Your reference to Holocaust survivors made me think of the book The History of Love by Nicole Krauss.   It’s the story of Leo Gursky, a pathetic Jewish man living in NYC who lived through the Nazi occupation by “becoming invisible” (which seems pretty similar to Billy’s “so it goes”), and Alma Singer, a young girl whose father has passed away and whose mother is depressed by her husband’s death and is translating the book The History of Love.  Ummmm that wasn’t a very good description, but this book is one my favorites of all time.  (maybe amazon does the book more justice?)  So what do I expect from these pathetic characters?  I’m not sure...I can understand why they are so numb. I can imagine that one obvious way to cope with these terrifying events would be to close yourself off, to detach.  I don’t know what’s it’s like to be a prisoner of war or to have to hide from governments that want to kill you; I do know what it’s like to want to detach, to want to forget, to not want to share.  From these experiences, I’ve learned that it’s important for me to talk about how I’m feeling.  But maybe this can’t work in the context of really traumatic events?  Perhaps the only way to cope with war is to detach?  Typically, I’ve coped with the wars that the US and Israel wage by refusing to engage with them, by detaching.  This has not  been good for me because sometimes my brain doesn’t work the way I want it to, and when everything comes out all at once it’s so incredibly overwhelming that I don’t even know how to begin to process.  Sometimes, my confusion manifests itself in ways that are destructive.  If my feelings about wars that neither I nor anyone I love is physically fighting can sometimes feel this overwhelming, then what is it like for the people who are actually fighting them?  What is it like to be a civilian in a war zone?  What is it like to be scared for your life?  I don’t know, but I really hope that those people who do know have people around them to help them figure out ways to cope with their experiences so that they don’t detach, because isn’t impossible to detach completely?  I’m not really sure if this is making any kind of sense...    

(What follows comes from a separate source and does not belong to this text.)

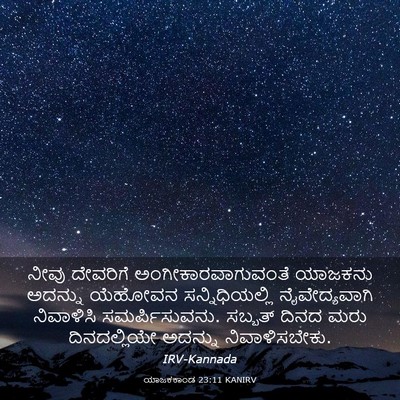 Picture 03 - ಯಾಜಕಕಾಂಡ 23:11 KANIRV - ನೀವು ದೇವರಿಗೆ - Bible Verse Picture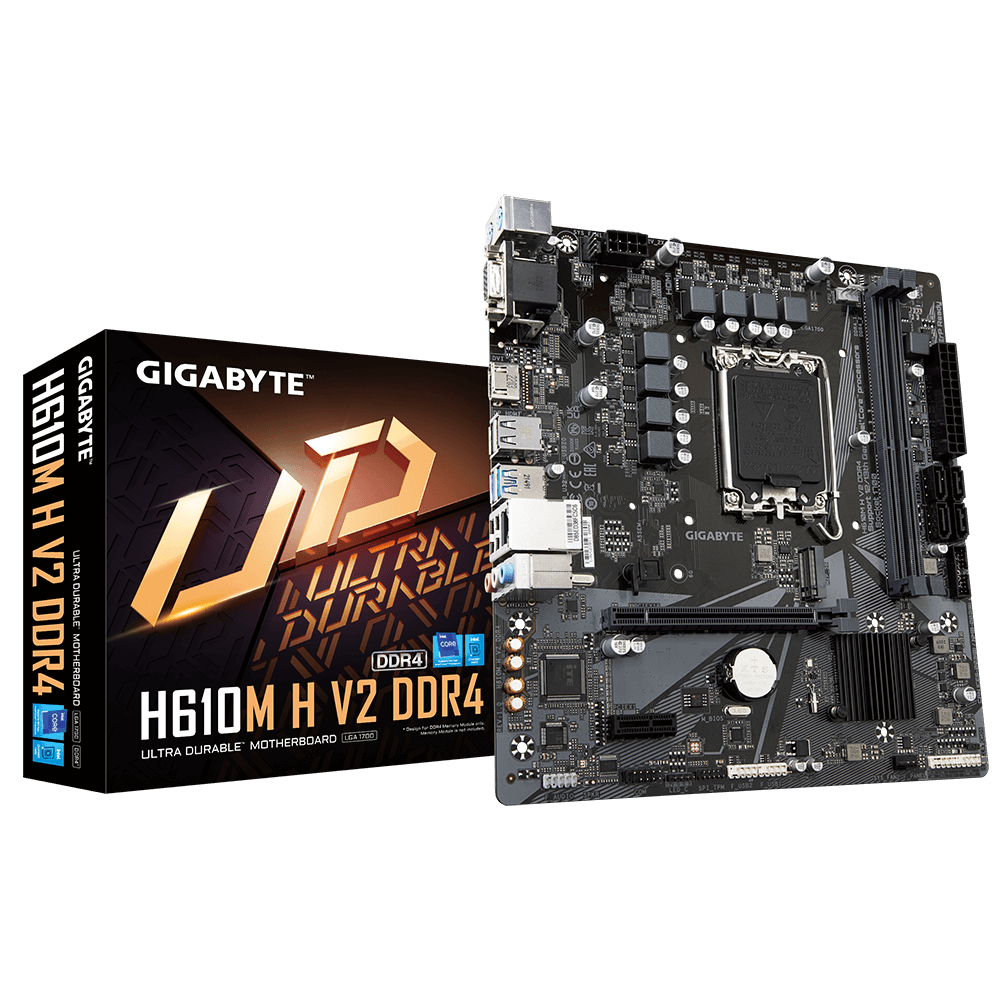 Gigabyte | H610M H V2 G1.0 | Processor family Intel | Processor socket LGA1700 | DDR5 | Supported hard disk drive interfaces M.2, SATA | Number of SATA connectors 4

I’m glad you brought up Quaker Meeting too...I didn’t know that that was the idea behind Meeting.  I work at camp that has Quaker origins, but it your telling of Quaker Meeting makes me see how different silent meeting at camp is from traditional Quaker Meeting.  For me, the 15 minutes of collective silence every morning are the ones where I feel most connected to my community, like we’re all one thing with the same light in us and around us.  I am rarely in my own thoughts during meeting and though I've been "moved" to speak, I've never felt like God moved me to speak.  It's felt more like the my experiences have moved me.  Again, not really sure if this makes any sense.

I’m pretty sure that the root of the four children story comes from commentary on the telling of the Exodus in the bible.  I guess it’s written four different ways in the Torah and the rabbis decided that each way represents the way parents should tell the story depending on the child.  Also, every year a huge debate at my family’s sedar is about the word wicked, and that maybe we should strike it from the hagaddah because it does feel a little wrong to call questions wicked.